> Supplied information:
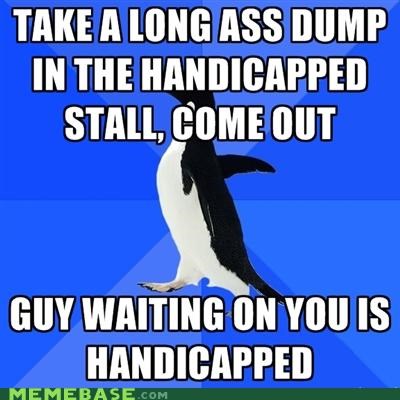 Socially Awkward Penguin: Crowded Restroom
--
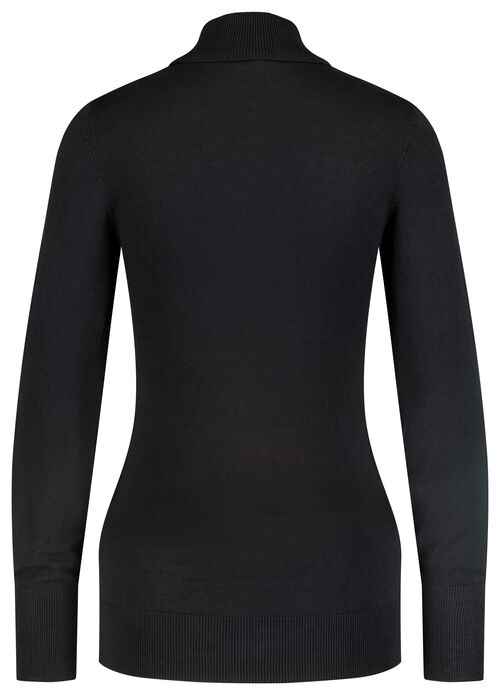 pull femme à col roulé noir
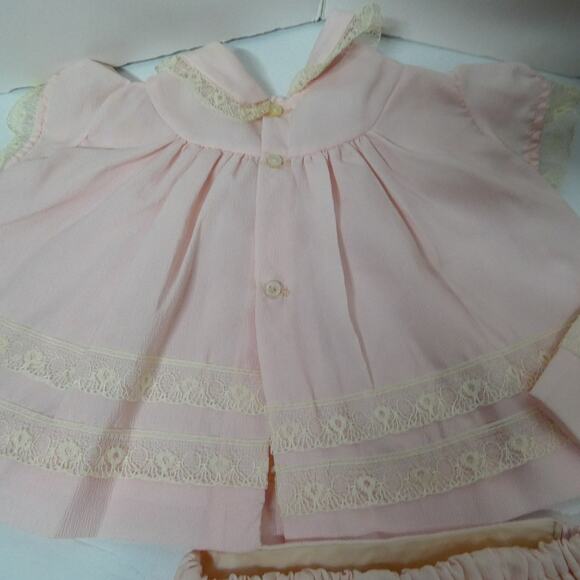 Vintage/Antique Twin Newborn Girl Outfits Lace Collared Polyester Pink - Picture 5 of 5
...
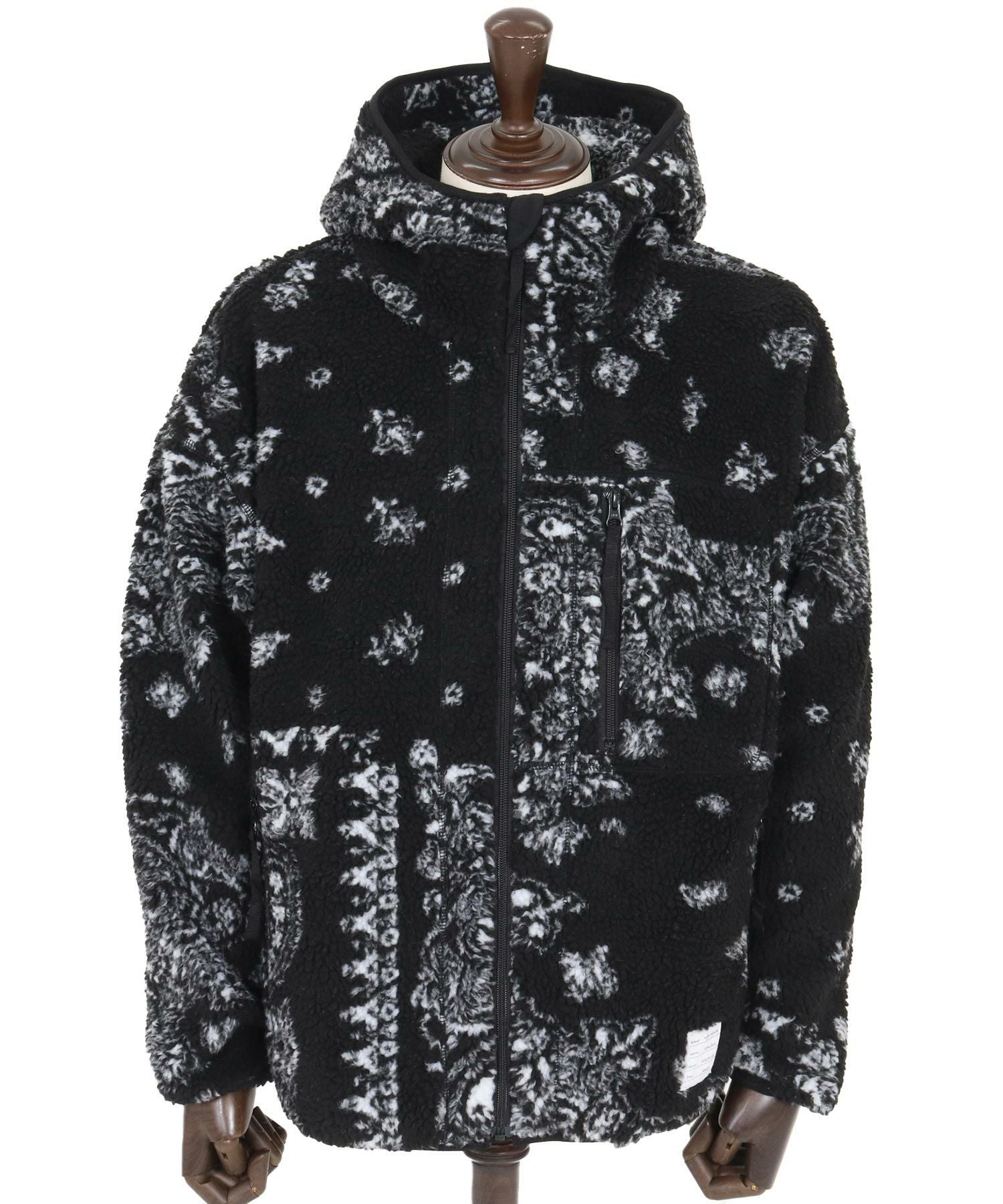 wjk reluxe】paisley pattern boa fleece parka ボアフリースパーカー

> Brief:
Copy out the lines above from the line containing "pull femme à col roulé noir" through the line containing "Vintage/Antique Twin Newborn", exactly, and keep the pictures out.

> Written response:
 pull femme à col roulé noir
 Vintage/Antique Twin Newborn Girl Outfits Lace Collared Polyester Pink - Picture 5 of 5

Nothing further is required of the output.